In eskalierenden Diskussionen ist es wichtig, einen kühlen Kopf zu bewahren und deeskalierende Moderationstechniken anzuwenden. Als Scrum Master habe ich oft erlebt, dass Teams in hitzigen Debatten stecken bleiben, bei denen es schwer ist, einen Konsens zu finden. Falls ihr ebenfalls mal mit Software-Teams arbeitet, kennt ihr es alle: Diskussionen über Variablennamen können ausarten.

Den Fokus lenken

Ähnlich ist es für Lehrerinnen und Lehrer, die in Klassenzimmern mit aufgeheizter Stimmung konfrontiert werden. In solchen Situationen ist es hilfreich, den Fokus auf das gemeinsame Ziel zu lenken und Techniken wie das „Aktive Zuhören“ oder „Spiegeln” einzusetzen, um den Teilnehmenden das Gefühl zu geben, gehört und verstanden zu werden.
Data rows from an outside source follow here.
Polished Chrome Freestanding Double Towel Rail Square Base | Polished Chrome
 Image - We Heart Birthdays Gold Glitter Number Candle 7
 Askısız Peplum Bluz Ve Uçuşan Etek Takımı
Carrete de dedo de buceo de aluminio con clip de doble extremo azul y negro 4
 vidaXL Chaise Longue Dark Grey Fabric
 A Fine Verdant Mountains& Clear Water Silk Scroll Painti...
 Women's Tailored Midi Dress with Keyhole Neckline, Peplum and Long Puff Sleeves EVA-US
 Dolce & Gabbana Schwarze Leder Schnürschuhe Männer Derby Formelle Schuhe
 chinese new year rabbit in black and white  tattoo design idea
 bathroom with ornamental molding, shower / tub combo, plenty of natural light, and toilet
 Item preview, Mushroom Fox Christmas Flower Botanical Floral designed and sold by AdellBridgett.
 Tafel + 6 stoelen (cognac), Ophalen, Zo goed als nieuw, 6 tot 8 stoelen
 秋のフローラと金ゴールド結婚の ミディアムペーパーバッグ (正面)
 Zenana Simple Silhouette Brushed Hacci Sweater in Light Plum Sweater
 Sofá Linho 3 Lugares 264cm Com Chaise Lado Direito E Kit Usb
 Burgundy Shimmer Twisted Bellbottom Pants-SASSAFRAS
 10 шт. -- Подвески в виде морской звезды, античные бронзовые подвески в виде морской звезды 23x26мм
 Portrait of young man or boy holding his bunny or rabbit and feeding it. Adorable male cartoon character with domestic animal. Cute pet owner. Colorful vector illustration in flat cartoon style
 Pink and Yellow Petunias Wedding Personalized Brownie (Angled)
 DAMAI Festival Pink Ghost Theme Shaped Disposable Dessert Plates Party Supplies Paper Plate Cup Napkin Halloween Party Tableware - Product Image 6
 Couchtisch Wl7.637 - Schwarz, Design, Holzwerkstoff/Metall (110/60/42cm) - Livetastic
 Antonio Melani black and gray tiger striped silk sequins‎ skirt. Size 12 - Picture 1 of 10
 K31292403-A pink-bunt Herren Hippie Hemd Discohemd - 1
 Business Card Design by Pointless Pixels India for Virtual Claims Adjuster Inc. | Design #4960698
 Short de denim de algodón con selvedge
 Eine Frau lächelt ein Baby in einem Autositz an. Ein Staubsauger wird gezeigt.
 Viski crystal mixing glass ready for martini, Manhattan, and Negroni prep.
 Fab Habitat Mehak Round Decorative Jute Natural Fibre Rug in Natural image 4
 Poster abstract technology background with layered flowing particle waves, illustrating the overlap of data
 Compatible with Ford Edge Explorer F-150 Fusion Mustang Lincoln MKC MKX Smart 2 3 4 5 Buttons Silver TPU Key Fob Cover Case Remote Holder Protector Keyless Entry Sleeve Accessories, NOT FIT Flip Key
Diese Techniken, die auch von Mediationsfachleuten empfohlen werden, können helfen, den emotionalen Druck zu verringern bzw. eine Selbstreflexion auszulösen und zu einer konstruktiven Lösungsfindung beizutragen. 


Bei Lautstärke gegensteuern

Kleiner Tipp am Rande: Je lauter die Diskussion wird, desto leiser solltet ihr sprechen, um zum einen einen höheren Anteil an der Aufmerksamkeit der Teilnehmenden zu bekommen und zum anderen, um die Teilnehmenden in ihrer Lautstärke zu mäßigen. Funktioniert nicht nur in der Grundschule, sondern auch wenn es beim Sprint-Planning mal wieder lauter wird.

Offene Diskussionskultur…

Bei generellen Diskussionen, sei es in einem Teammeeting oder im Klassenzimmer, ist es wichtig, den Raum für verschiedene Perspektiven zu öffnen und die Teilnehmenden zur aktiven Beteiligung zu ermutigen. Als Scrum Master habe ich festgestellt, dass eine offene Diskussionskultur entscheidend ist, um Innovation und Zusammenarbeit zu fördern.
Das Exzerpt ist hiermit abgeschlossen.